Here are some more details about our interpretation of common tasks and how we compute their metrics. If you have different logic you use to evaluate performance, you can also provide your own custom metrics.

Object Detection

In order to offer a confusion matrix (vs just FP/TP/FN for each class), we have to consider all detection and label classes simultaneously, as opposed to considering class each individually like you might see in pycocotools and some other libraries/benchmarks.

That means we model it as a two-phased process:

  • A global matching stage (with unmatched entries implicitly matching to 'background')

  • Once we have them matched, doing standard pairwise TP/FP metrics on them, like in a typical classification task.

However, the matching phase has several interpretations, and the most "correct" one seems to vary a bit based on domain and model architecture. This is our default metrics computation logic, presented in roughly computational order:

Thresholds

We assume you're evaluating the model with some thresholds to either consider or ignore a detection.

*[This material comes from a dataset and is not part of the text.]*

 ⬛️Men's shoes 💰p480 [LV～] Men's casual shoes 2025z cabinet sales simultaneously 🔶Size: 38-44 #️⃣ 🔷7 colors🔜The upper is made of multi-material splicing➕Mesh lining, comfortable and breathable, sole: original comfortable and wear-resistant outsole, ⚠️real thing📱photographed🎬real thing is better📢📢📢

Aquarium currently supports two threshold values:

  • Confidence Threshold: A value between 0.0 and 1.0, such that all detections below the threshold will be discarded.

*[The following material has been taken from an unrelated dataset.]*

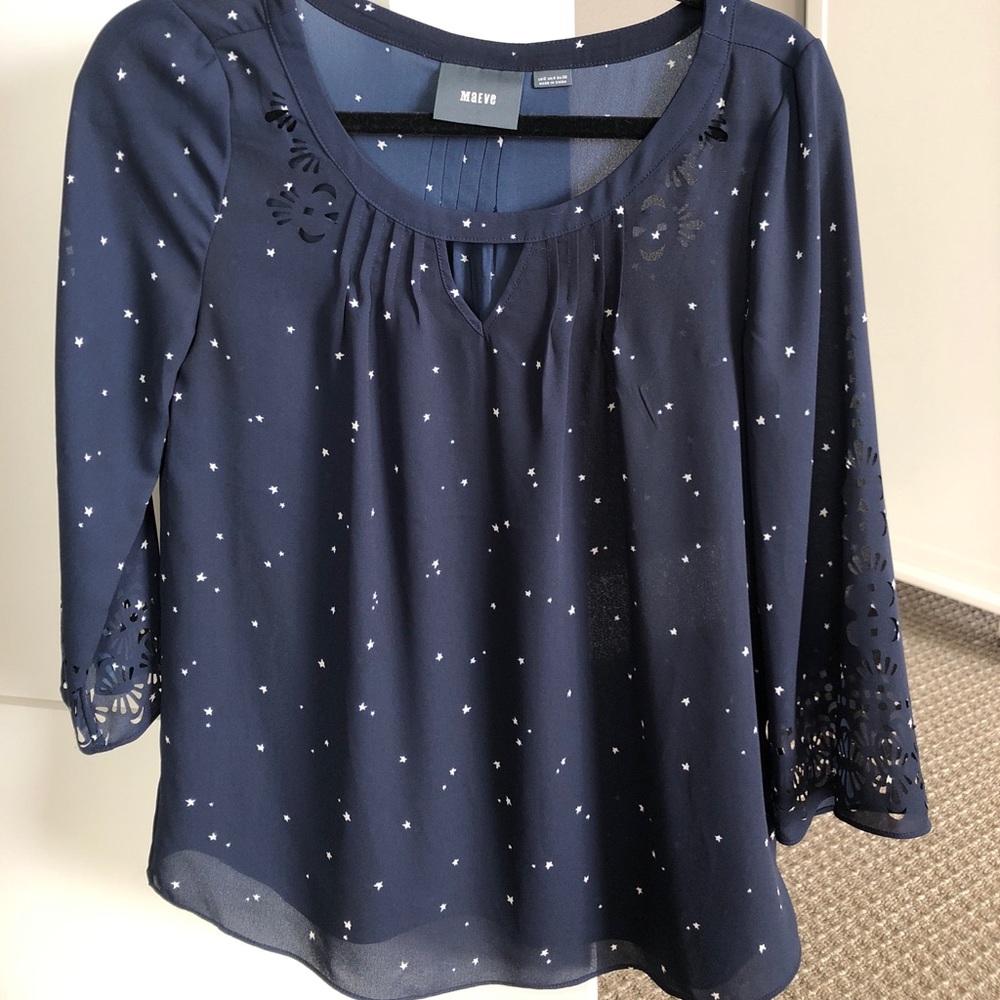 Navy blue blouse with white stars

  • IOU Threshold: A value between 0.0 and 1.0, such that all detections whose best-match IOU to ground truth is below a threshold will be discarded.

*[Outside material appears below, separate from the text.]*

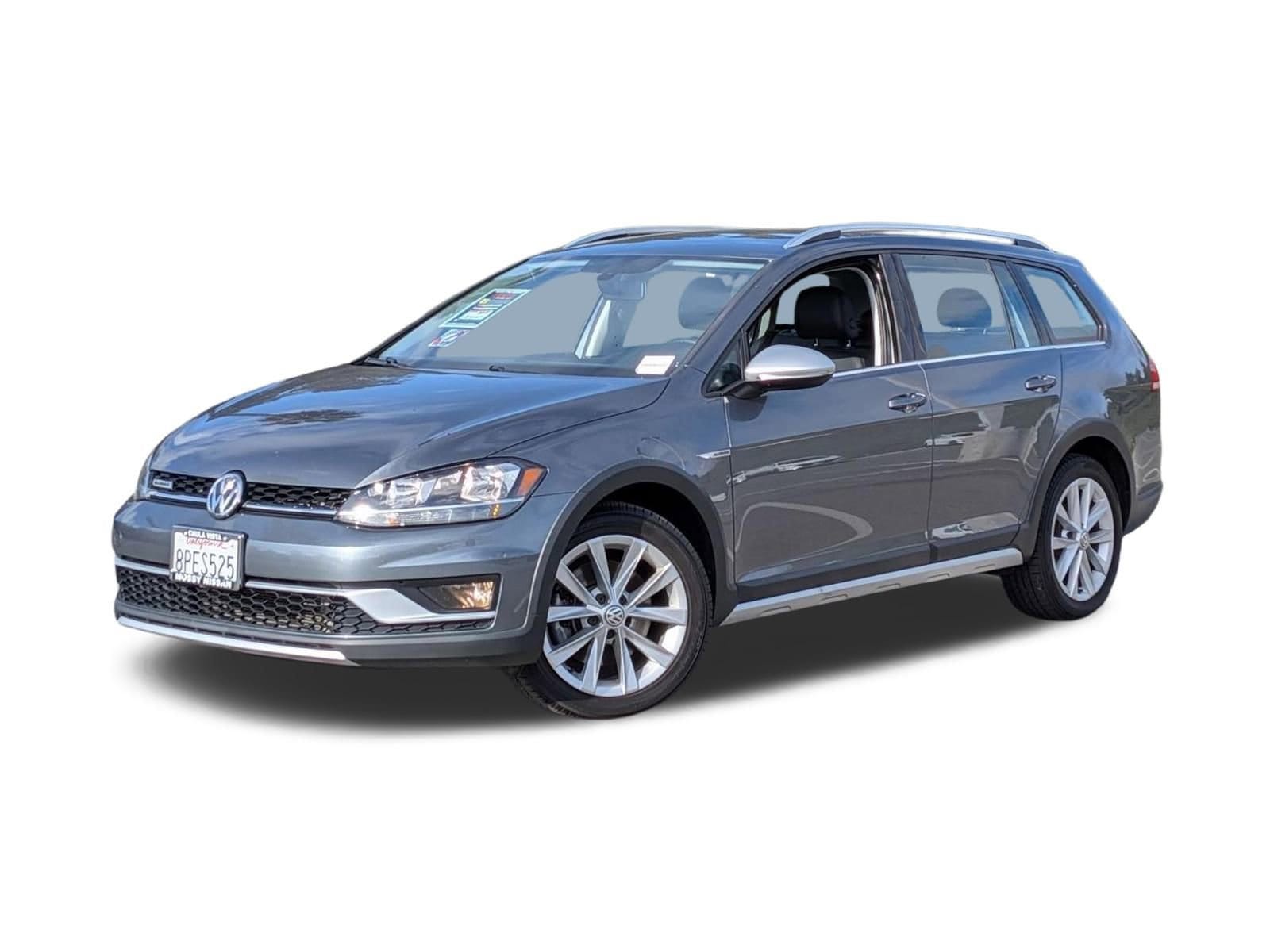 1 thumbnail image of  2019 Volkswagen Golf Alltrack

The confidence threshold is necessary to evaluate your model as it would be deployed. The IOU threshold allows you to punish very-poorly localized detections as if the model never detected them.

Filter and Adjust Labels

Sometimes you have more information in the ground truth labels than your model tries to predict. Based on the project's label class map, we filter and/or re-classify the raw labels to match the task the model is performing.

Pairwise IOU Calculation

For each pair between the labels and detections, we compute an IOU (intersection-over-union) score between 0.0 and 1.0 for how well the geometry overlaps.

Axis Aligned Bounding Boxes use well defined IOU techniques to determine overlap.

Multi-polygon (Polygon List) type labels first takes the geometry, and attempts where necessary to fix minor geometry issues (such as bowties at corners) to make them true polygons. After that, we use the shapely library to compute the intersection and union of the two collections of polygons.

3D Cuboid type labels compute the 2D Birds-Eye View IOU. To do so, we first apply all pose transforms (rotation + translation) to the cuboid geometry, then take the X and Y components to construct a 2D polygon. We then perform the same operations as for the multi-polygon case.

Matching Logic

We first apply the confidence threshold, where we discard all inferences below that threshold.Then we match GT labels with the remaining inferences based on optimal geometry overlap / localization (typically optimizing IOU).

To properly punish multiple detections, we consider each label and inference to be "used up" based by their best-localization matching. That is, a label can only be matched to either 0 or 1 inference.

In most cases, that tends to be beneficial and more accurate to real world performance, where objects rarely perfectly overlap and false-positives are bad. In others, especially ones where false positives are not a major problem, it can be a sub-optimal metric. In these cases, we recommend you provide your own custom metric in the form of a per-frame confusion matrix.

At the end of this phase, we have two arrays of equal length (commonly referred to y_true and y_pred for classification report utilities). Each array contains corresponding ground truth and inferred classes, with an implicit "background" value for when a match didn't occur.

Aggregation + Report Generation

We ultimately want to present these as f1/precision/recall reports. To do so, we first compute the confusion matrix by counting how many instances exist of a given [label_class, predicted_class] pair. If you have filters on the dataset, we will only include instances from images/frames that would be returned by that filter.

To help match behavior of common systems like pycocotools, we default to ignoring results from images/frames with no ground truth labels present -- that is, don't punish the system for correctly detecting on unlabeled data. If you know that your data is fully labeled, you can modify this behavior in the project settings.

Once we have the full confusion matrix, we can then trivially convert that into a classification report. In the case where a metric would have required dividing by zero (e.g., recall when true positives and false negatives are both zero), we treat the final metric as zero.

Confusion Matrix Queries

When clicking into a confusion matrix cell to view specific examples, we use the same logic to determine whether a label <> inference pair would have contributed to that cell of the confusion matrix.

FAQ

Why not NMS? Why a confidence threshold instead of sorting by descending confidence?

Non-Maximum Suppression (NMS) solves a similar problem of prioritizing detections based on a combination of confidence and IOU. The main reason we don't use it directly is that we assume most customers are doing NMS somewhere in their stack, and that ultimately they ship a confidence threshold.

So assuming they're going to pick some cutoffs for what they'd want to run in production, we'd want to start with a large filtering of lower-confidence first. This way we're computing metrics that resemble the final shipped product's performance, as opposed to a metric that more abstractly measures the model's generic performance.

We've seen that if your implementation already does some NMS internally, then at this point you don't care as much about the difference between 0.92 confidence and 0.85 confidence, and so would rather prioritize localization (especially in domains with lots of partial overlap).